The consequences of Covid19 have presented us with a similar discontinuity. Whilst the young and fit may find opportunities in primary production and construction, those who are somewhat older and less agile may be in trepidation about what their future holds. Some, particularly those who have been in retail or in the service industries may wonder what they have to offer. I’m saying, “Be of good heart”. For instance, those who were successful in sales generally demonstrate strong interpersonal skills and an ability to establish rapport. Those who carry age on their shoulders (and in my case on the hips) have life experience, human wisdom, and common sense (which is less common than the descriptor implies).

Covid19 has woken us up to the fact that we need to be prepared for pandemics. The experience of the 1980’s reminds us that we better get prepared for another form of epidemic, joblessness and the despair that accompanies it. We will face new forms of poverty, not necessarily financial but more likely “poverty of the spirit”. The Brazilian educator and philosopher Paulo Friere once visited New Zealand. He told us then that the great damage of unemployment was not so much financial but the sense of personal uselessness that accompanied it.

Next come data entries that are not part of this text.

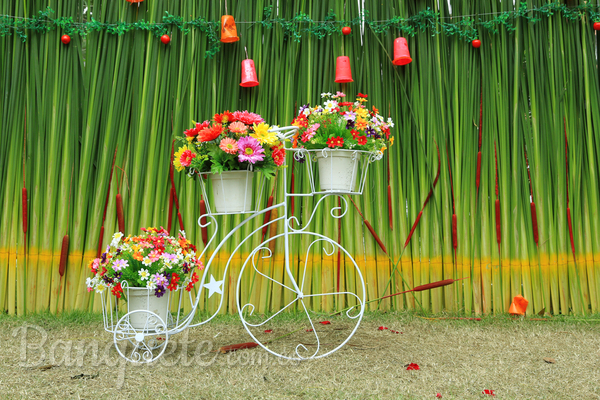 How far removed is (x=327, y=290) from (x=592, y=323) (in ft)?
4.33

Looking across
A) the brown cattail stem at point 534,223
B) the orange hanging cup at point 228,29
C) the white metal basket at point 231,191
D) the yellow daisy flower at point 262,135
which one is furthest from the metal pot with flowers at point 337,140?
the brown cattail stem at point 534,223

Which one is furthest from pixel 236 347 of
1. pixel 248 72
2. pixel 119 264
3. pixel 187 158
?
pixel 248 72

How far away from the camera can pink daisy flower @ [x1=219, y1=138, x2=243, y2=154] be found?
1.61 metres

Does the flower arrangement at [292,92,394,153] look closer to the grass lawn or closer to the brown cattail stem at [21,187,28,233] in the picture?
the grass lawn

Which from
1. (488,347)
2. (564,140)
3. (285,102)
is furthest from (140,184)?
(564,140)

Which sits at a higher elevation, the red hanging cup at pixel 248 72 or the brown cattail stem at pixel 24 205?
the red hanging cup at pixel 248 72

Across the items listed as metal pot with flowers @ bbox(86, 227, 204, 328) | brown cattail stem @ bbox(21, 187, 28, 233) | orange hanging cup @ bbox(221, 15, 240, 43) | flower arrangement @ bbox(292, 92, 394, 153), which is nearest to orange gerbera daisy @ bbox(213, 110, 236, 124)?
flower arrangement @ bbox(292, 92, 394, 153)

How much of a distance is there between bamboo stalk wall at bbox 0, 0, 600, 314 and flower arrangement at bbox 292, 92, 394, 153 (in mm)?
694

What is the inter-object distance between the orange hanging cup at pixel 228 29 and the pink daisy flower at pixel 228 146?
3.31ft

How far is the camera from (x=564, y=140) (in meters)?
2.47

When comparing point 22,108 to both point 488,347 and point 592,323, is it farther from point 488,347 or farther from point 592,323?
point 592,323

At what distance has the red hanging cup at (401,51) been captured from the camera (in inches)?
94.1

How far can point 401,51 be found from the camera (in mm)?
2395

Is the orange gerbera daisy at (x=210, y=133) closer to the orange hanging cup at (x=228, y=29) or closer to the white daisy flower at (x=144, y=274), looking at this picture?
the white daisy flower at (x=144, y=274) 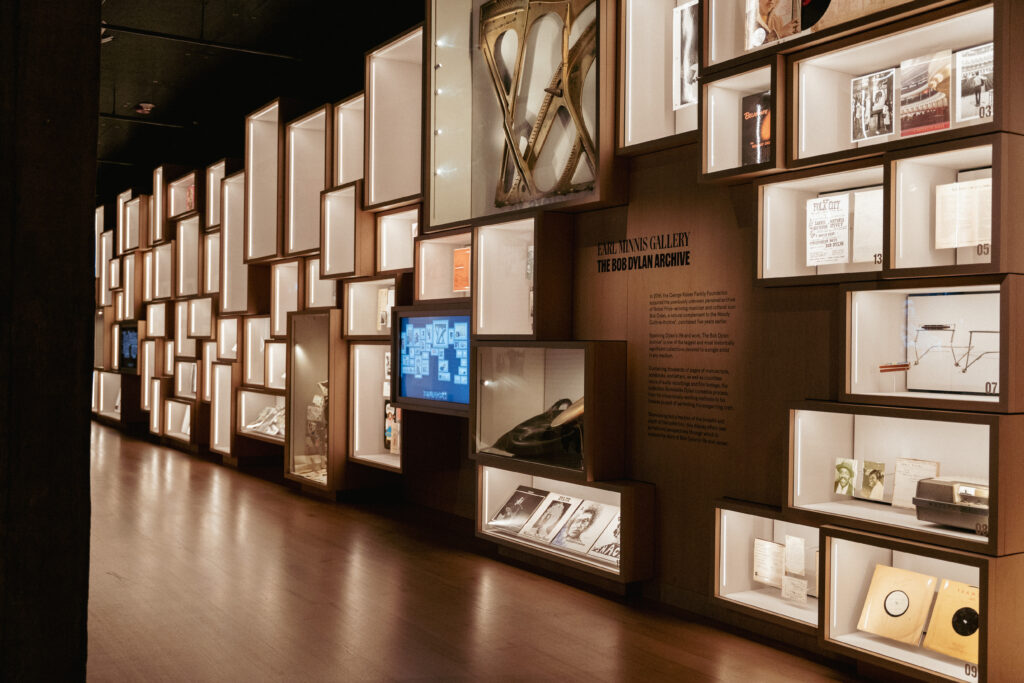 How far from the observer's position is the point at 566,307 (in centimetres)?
456

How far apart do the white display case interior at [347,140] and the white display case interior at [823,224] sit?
3.92 m

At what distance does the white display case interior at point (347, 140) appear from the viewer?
6.68 m

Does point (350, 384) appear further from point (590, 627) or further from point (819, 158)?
point (819, 158)

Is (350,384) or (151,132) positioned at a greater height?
(151,132)

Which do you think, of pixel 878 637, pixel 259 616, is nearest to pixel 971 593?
pixel 878 637

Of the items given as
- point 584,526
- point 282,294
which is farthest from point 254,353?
point 584,526

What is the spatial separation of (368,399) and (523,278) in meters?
2.20

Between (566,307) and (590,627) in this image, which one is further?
(566,307)

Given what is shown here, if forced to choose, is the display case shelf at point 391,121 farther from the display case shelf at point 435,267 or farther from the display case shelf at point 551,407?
the display case shelf at point 551,407

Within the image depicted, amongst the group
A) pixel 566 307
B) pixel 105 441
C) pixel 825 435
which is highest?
pixel 566 307

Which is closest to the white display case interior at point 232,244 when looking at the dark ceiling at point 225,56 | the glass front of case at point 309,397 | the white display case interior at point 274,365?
the white display case interior at point 274,365

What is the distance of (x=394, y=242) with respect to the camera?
635 centimetres

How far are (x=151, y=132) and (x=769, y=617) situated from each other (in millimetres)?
10177

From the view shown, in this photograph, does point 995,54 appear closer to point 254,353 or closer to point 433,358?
point 433,358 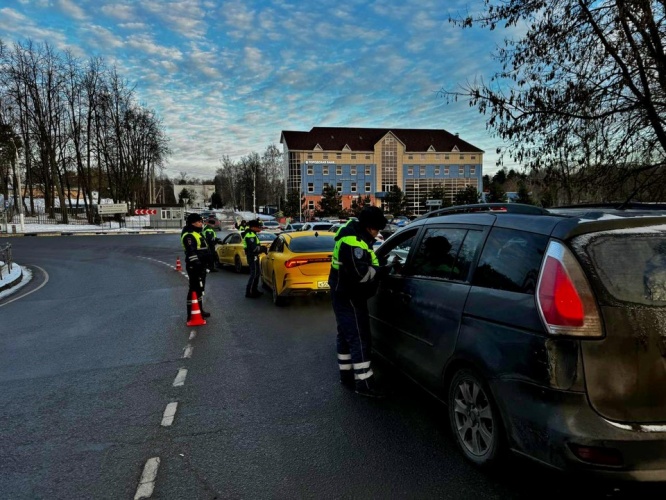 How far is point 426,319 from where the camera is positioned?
12.4 feet

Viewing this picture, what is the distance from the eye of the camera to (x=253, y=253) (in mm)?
11086

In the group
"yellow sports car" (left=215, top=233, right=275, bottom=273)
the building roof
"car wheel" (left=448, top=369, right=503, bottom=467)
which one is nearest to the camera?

Well if that tsunami of hopelessness is building, I am suggesting that we get ready to go hard and go fast to reposition ourselves and our communities above the social tsunami line. Think about it as civil defence. I’m proposing to form a Hawke’s Bay social civil defence force, a battalion of change agents made up of civilians, men and women who are affected by change but who had never previously thought of themselves as themselves being agents of change rather than victims of change. I’m inviting people to take their futures in their own hands and with that, helping their communities to do the same.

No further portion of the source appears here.